The advantage of using the AI model to the general physician was higher than that to the radiologist. In cases where the reader made a mistake (FN or FP) and the CAD showed the correct output (TP or TN), the general physicians were more likely to correct their error than the radiologists. Additionally, radiologists changed TN to FP more often (21 cases, or 22%) than general physicians (14 cases, or 15%) when the CAD presented FP output. The results showed that general physicians benefit more from this CAD than radiologists.

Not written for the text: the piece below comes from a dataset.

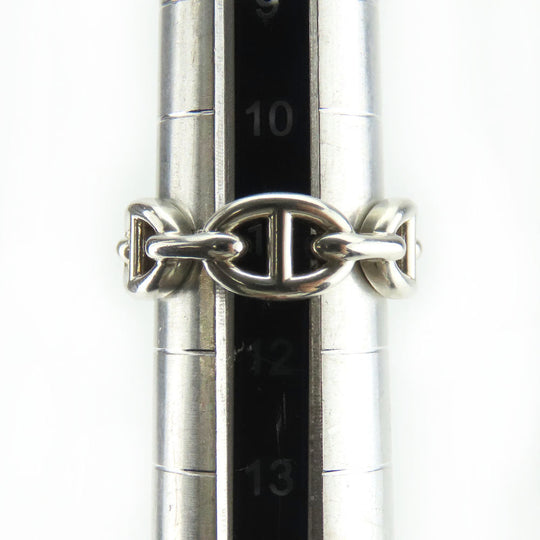 HERMES Ring H109507B Silver925 Silver Anchene Chene Dunkle Women Used Authentic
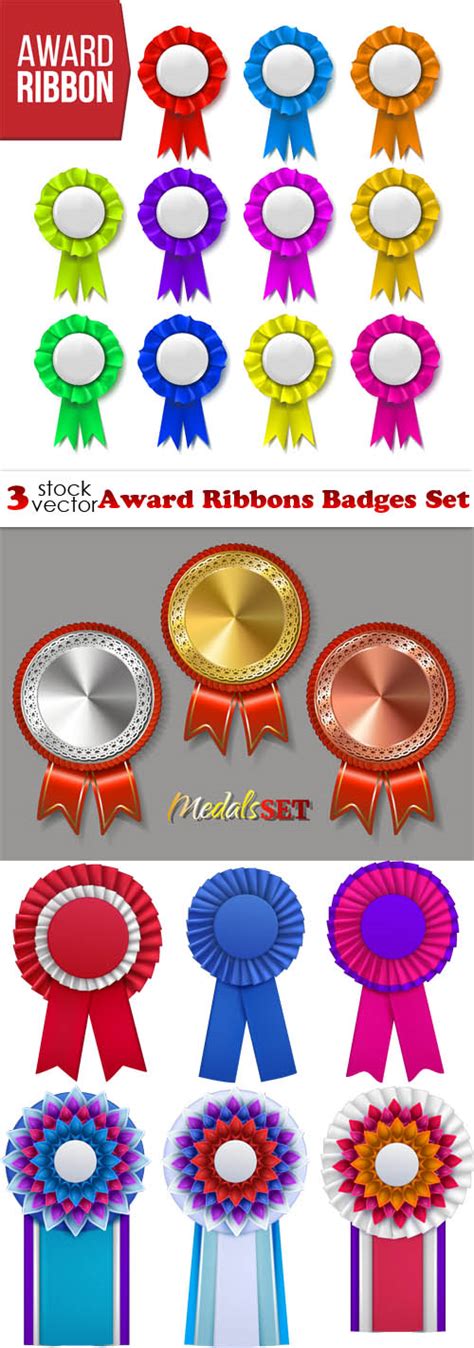 Vectors Award Ribbons Badges Set Avaxhome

The limitations of this study include that the test dataset was collected from a single institution, although the readers who participated were from multiple institutions. The weakness of the CAD in detecting nodules of less than 10 mm may also be a limiting factor. The CAD could identify only one of the seven nodules under 10 mm, while most readers did not identify even one nodule. If the performance of CAD is improved, there is a possibility of detecting lung cancer at an earlier stage. Our dataset did not have radiographs with multiple lesions. In actual screening, single lesions are most common, but multiple lesions may be present.

Conclusions

We conducted a multi-vendor, retrospective clinical validation to compare the performance of readers before and after using a commercially available AI-based CAD. The AI-based CAD supported physicians in the detection of lung cancers in chest radiography. We hope that the correct use of CAD in chest radiography, a basic and ubiquitous clinical examination, will lead to better medical care by preventing false negative assessments and supporting physicians’ determinations.